A scholarship program that every year helps thousands of top New Jersey high-school students attend community college without paying tuition is in jeopardy.
The budget proposed last month by Gov. Christopher J. Christie, a Republican, would not pay for any new students to begin the program this fall. However, it would continue to subsidize the tuition and fees of students already in the program, which was created in 2004 and is one of the most generous community-college aid programs offered by a state.
High-school and college counselors were already recruiting new students for the New Jersey Student Tuition Assistance Reward Scholarship, or NJ Stars, program, unaware that the proposed cut was coming. The program guarantees that students in the top 15 percent of their high-school graduating class can attend their local community college without paying tuition or fees. Those students are also eligible for more aid, under the NJ Stars II program, if they transfer to a four-year college after earning an associate degree.
The scholarship was established as an incentive to keep the best students in the state, and advocates of the program say ending the aid would be a major setback for that goal.
The possible closure of NJ Stars to new recipients has also left many students, who had hoped to use the aid to attend one of the state’s 19 community colleges this fall, scrambling to find money to cover their costs.
Lawrence A. Nespoli, president of the New Jersey Council of County Colleges, said he has been communicating with the governor’s office to try to figure out a way to keep the scholarship program for this year’s high-school graduating class. The legislature is not expected to vote on a final budget until late June.
“Our hope is that we can come up with an alternative that the governor and legislature can support,” he said.
Eliminating a new freshman class from the Stars program would save the state about $1.7-million, according to the governor’s proposal. The budget would increase money for the scholarship by about $1.5-million, to just over $20-million, for students already in NJ Stars I and II.

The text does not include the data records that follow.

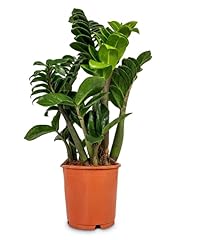 Zamioculcas zenzi plante d'occasion  Livré partout en France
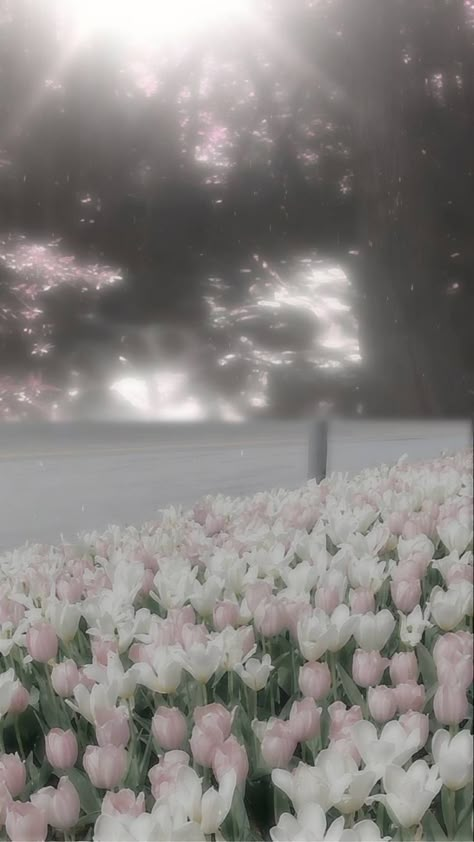 Chat Background, Cocoppa Wallpaper, Drinks Coffee, Aesthetic White, Nothing But Flowers, Pfp Aesthetic, Pretty Landscapes, Pink Tulips, 7th Grade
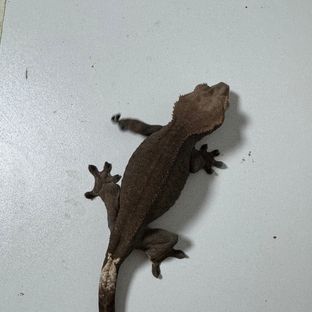 카푸치노 팬텀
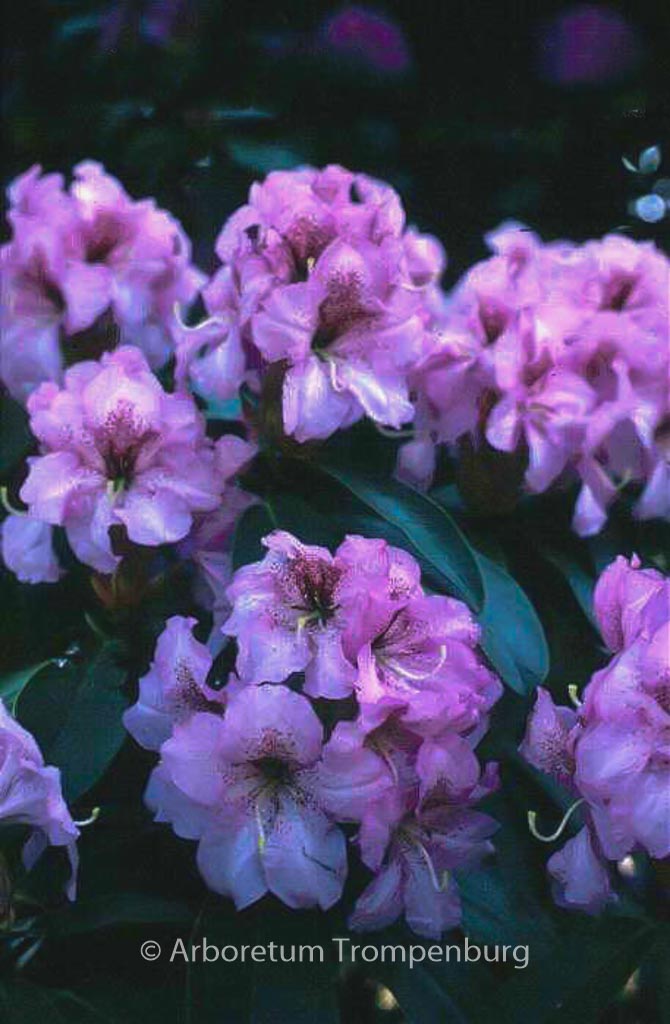 Rhododendron ‘Duftauge’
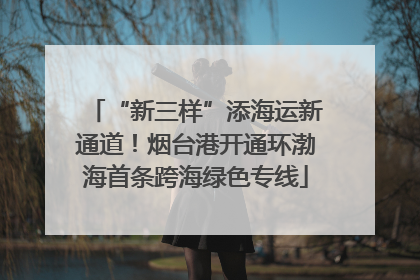 “新三样”添海运新通道！烟台港开通环渤海首条跨海绿色专线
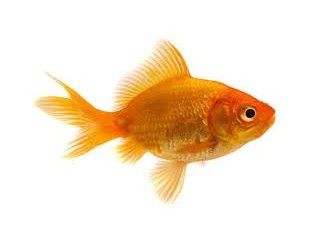 Goldfish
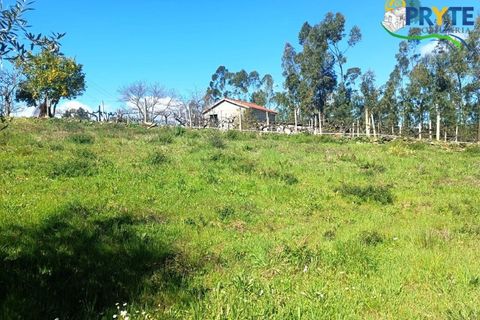 Ruinere i Serta, Castelo Branco, Serta - € 29.500 | Ref: MG156 - foto 50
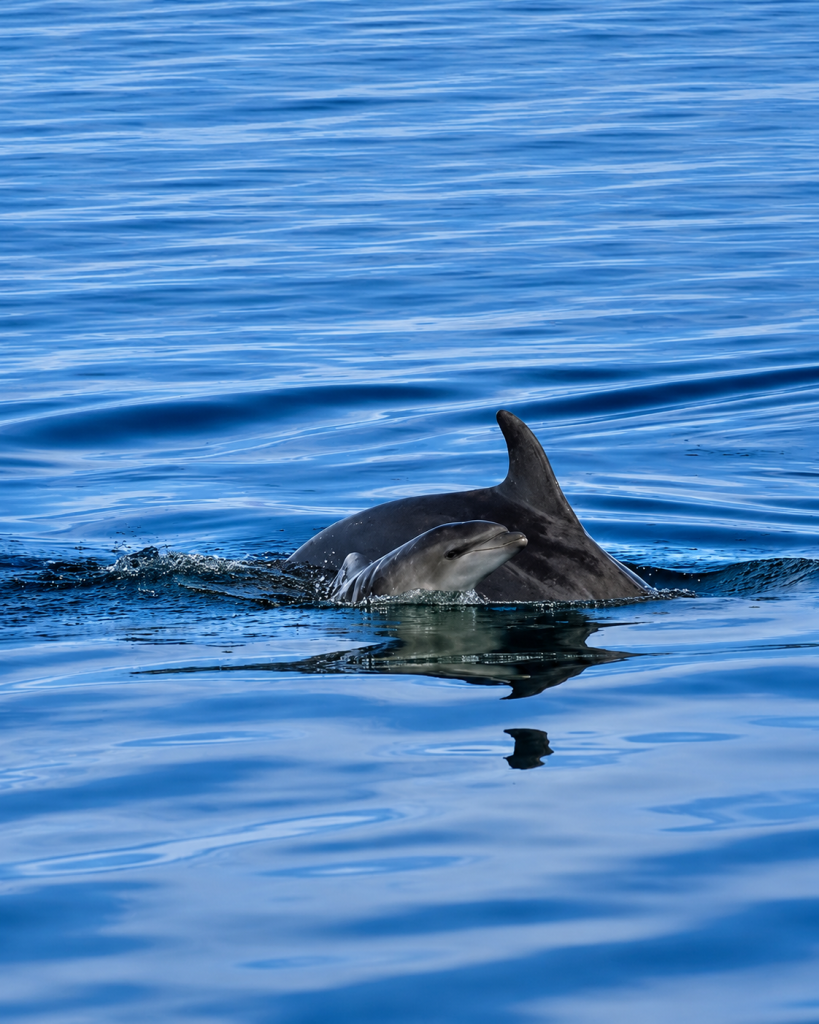 Il cucciolo di delfino avvistato nel Mar Grande di Taranto accanto alla madre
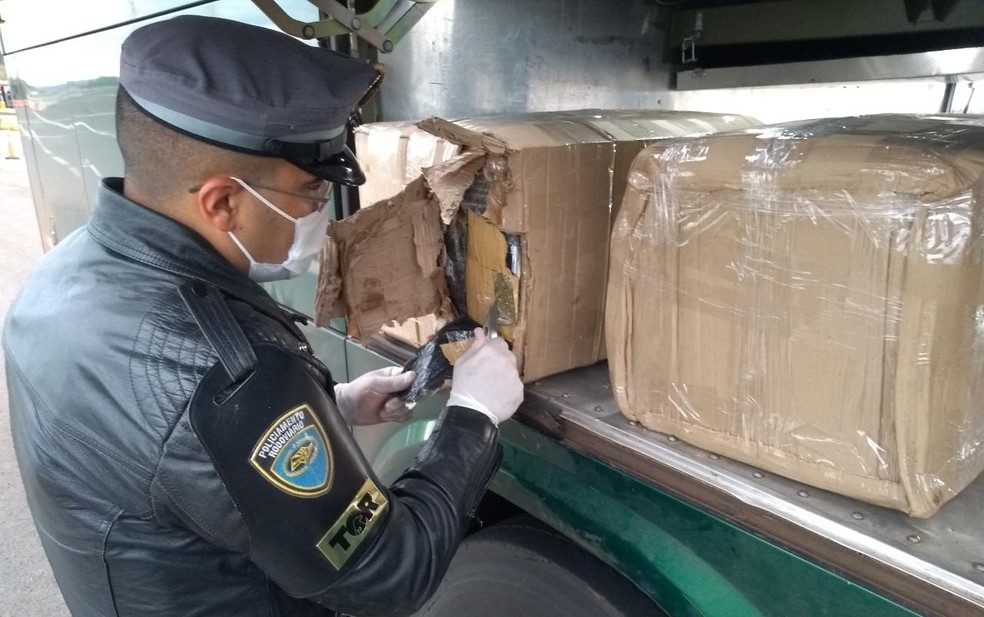 Diversos tijolos de maconha e skunk são apreendidos em bagageiro de ônibus em rodovia de Iaras — Foto: Polícia Militar Rodoviária/Divulgação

The plan to close the scholarship to new students is part of the governor’s proposal to cut state spending on higher education by a total of $173-million, or 7.7 percent, for the next fiscal year.

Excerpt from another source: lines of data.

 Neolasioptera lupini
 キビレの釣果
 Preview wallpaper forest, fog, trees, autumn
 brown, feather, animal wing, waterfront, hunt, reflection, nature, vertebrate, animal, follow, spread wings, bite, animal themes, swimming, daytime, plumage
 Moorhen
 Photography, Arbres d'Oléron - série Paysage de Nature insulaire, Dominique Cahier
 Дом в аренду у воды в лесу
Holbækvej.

‘Victim of Its Own Success’
This is not the first time that New Jersey officials have sought to scale back the scholarship program.

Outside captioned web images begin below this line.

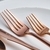 Conjunto de talheres em caixa Jupiter Rosegold 60 peças 12 pessoas na internet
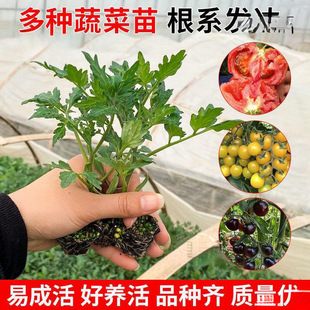 �m������t���緬�����}Ů�����������߲����������������ԉ�����
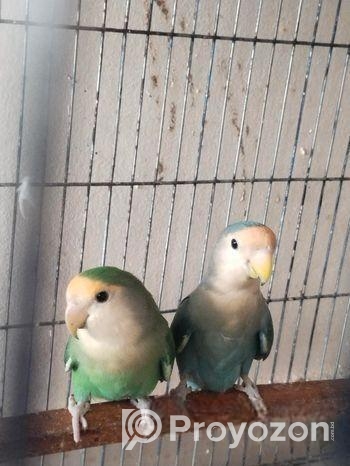 Love Bird Master Pair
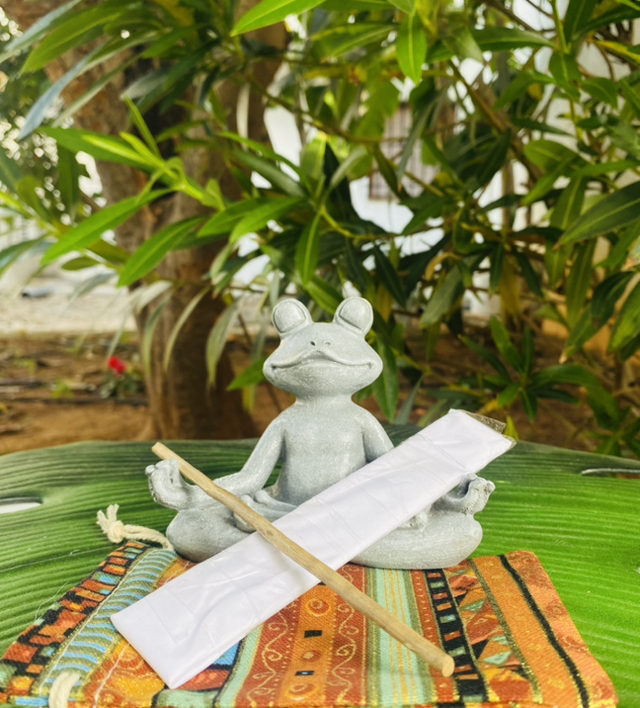 Kambo Stick from Peruvian Shamans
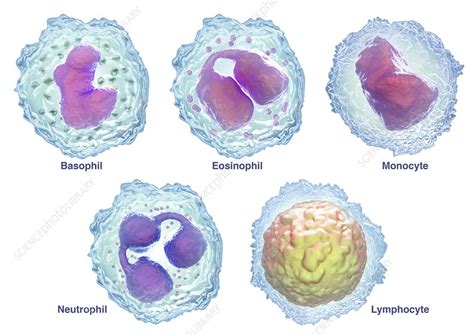 White blood cells, illustration - Stock Image - C047/5458 - Science ...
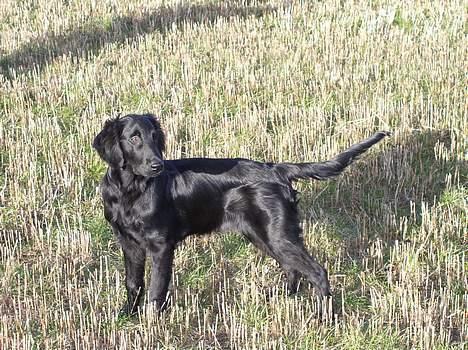 Flat coated retriever Samson - ej  hvor står han pænt.... billede 4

It originally covered community-college tuition for the top 20 percent of high-school graduates. The program enrolled 933 students its first year and grew rapidly, becoming more costly than officials anticipated. Large numbers of students started to see the value of attending a community college, especially as tuition increased at four-year institutions.
In December 2008, with almost 5,300 students attending community college through the program, the legislature reduced eligibility to the top 15 percent of high-school graduates and also cut the annual maximum award for the NJ Stars II scholarship to $7,000 from $11,000.
“It became a victim of its own success,” Mr. Nespoli says.
Last fall there were 4,320 NJ Stars recipients enrolled in the state’s community colleges and 1,666 students with NJ Stars II scholarships enrolled in public four-year colleges.
Maud Fried-Goodnight, executive director of enrollment, academic, and support services at Cumberland County College, says the scholarship program has especially helped students who are among the first generation of their families to attend college.
“A lot of these students never even thought about college,” Ms. Fried-Goodnight says. “And now they are enrolled.”
Cumberland has 280 students who receive the NJ Stars aid, including 75 scholarship students who enrolled last fall. The college had expected about the same number of new students to enroll with the Stars money this coming fall.
For now the college continues to hold information sessions about the program even though its future is in doubt. It is also encouraging students and families to write to the legislature in support of the scholarship.
“The program is just too important,” Ms. Fried-Goodnight says. “Every effort should be made to save it.”